BUT... when I pop over to my X session and restart X, I STILL HAVE BOXES... and am still completely unusable.   How frustrating!!!  (By now, about 3 or 4 hours has passed.... and I give up to get some sleep - it was after 2am and I had to work in the morning).  So a few more days pass - I periodically check the machine and my CRON jobs are doing what I want them to so I'm not in a rush... 

Then, one day I check and find the machine has crashed completely - locked up, unresponsive to any command, can't remote to it, nothing - can't even ping it.  I do the brute force reset - power switch cycle thing.  It boots...  there are errors...  Kernal Arguments [fail]  <--  I'm thinking, that's not good...  but, it continues to boot and eventually get to a Gnome boot window - unreadable, of course, with all characters displayed as open boxes.  Just for grins, I type in my UID and PWD and see that I am able to get to a regular Gnome window - but without a usable character set, any GUI is useless. 

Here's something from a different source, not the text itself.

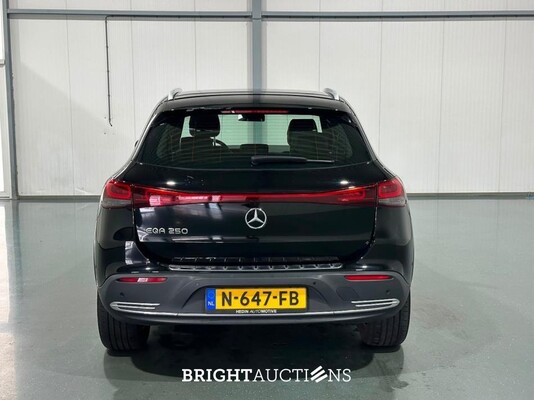 Mercedes-Benz EQA 25067 Business Solution Luxury 67 kWh 190pk 2021 (Origineel-NL) EQA-Klasse, N-647-FB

I pop over to a TTY terminal and login as meself.  Then, I'm thinking, this machine is unstable.  I look in the /var/log/syslog file and don't see any cause for the crash - there is just a number of regular entries and then they just stop.  That is not promising...  I'm still thinking about the environment issues and the xfonts; and come to the conclusion that most likely this whole thing was caused by an aborted update process and somehow my environment got screwed up and in turn caused future updates to fail (remember the perl error messages...)
So...  I make the fatal mistake:

  $ sudo apt-get update
  $ sudo apt-get upgrade

that led to the demise of my X-server... 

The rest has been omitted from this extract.